Subtitles are improving but automated services have far to go, says Red Bee’s Hewson Maxwell
Spare a thought for the humble subtitler. Just a few years ago, they had to type text manually, separate it out into tidy subtitles, then colour it according to who was speaking and, finally, carefully time it to the video. The process was extremely time-consuming, labour intensive and expensive.
More and more TV output is legally required to be subtitled every year; for many major broadcasters, it’s almost 100%. Pressure is inevitably put on costs. As workflows are likely as efficient as they will ever be, the main improvements that are likely to come in the future will come from technology.
The single most time-consuming part of subtitling is converting dialogue into accurate text. Accurate speaker-independent voice recognition can help this. Speaker-independent systems are not trained to any one voice and are able to operate over the original soundtrack, despite the presence of background noise and music.
But currently, outside of highly specialised language areas with limited background noise like the weather, these systems are 60-65% and produce text with limited punctuation, or none at all.
The shift to speaker independent recognition is a few years away, but anyone who has seen the massive improvements to voice control systems over the last few years can be in no doubt that its time will come.
In the meantime, the current system of “respeaking”, whereby the subtitler repeats everything they hear in a clear voice and with spoken punctuation, allows for extremely quick text input and help hit the 98% target.
Using diarisation, or speaker identification, for automatic colouring of subtitles is increasingly a possibility, as the speaker recognition algorithms now available are very strong. However, they have yet to be included in any subtitling packages, probably because while the subtitlers themselves are still generating the text, it is not a lot of extra work to include colour changes.
This speaker information can, however, be hugely useful to speaker-independent recognition systems as it allows them to split the files in to single speaker segments. It could also then be a great work-saver once these systems are implemented, by avoiding the need to then re-colour the automatically generated text. As such, these two developments are likely to arrive hand-in-hand.
Currently, a lot of productivity is lost in delivering large video files to subtitlers. Even at modern bandwidths, with modern file delivery mechanisms, this process can lead to the loss of minutes per file in regional offices and tens of minutes for homeworkers. Over the last couple of years many budding online platforms and streaming software clients have emerged that offer the possibility of completely eliminating these download times.

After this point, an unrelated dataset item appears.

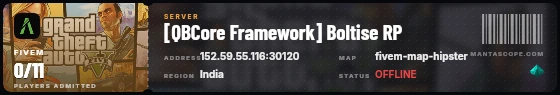 Ticket badge preview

They also offer greater security for client media, as the video is not stored on the subtitler’s machine. The current batch offer fairly basic functionality, but we can expect to see them improving over the next few years until they take over completely from offline clients.
Increasingly, broadcasters are looking to use subtitles as meta-data, allowing them to search their own output accurately for research and compliance purposes. Subtitles are very useful for this, but offer only full text search. To extract better data, Named Entity recognition algorithms are likely to be deployed, allowing for databases storing all occurrences of proper nouns like names and places. This will offer quicker and more focused searching than whole-text search of subtitle output, and also allow for meta-analysis on the popularity and connectedness of topics, personalities.
Although these automated processes will become vastly improved over the next few years, and will become accurate enough to be worth deploying, they will always make mistakes that a human wouldn’t make, struggling with situations of unclear or overlapping dialogue, with new slang and with specialist subjects and terms.
While the role of subtitlers in generating the text for subtitles will shrink over the coming years, their roles in quality control and as the arbiter of human taste and judgement are to become more vital than ever.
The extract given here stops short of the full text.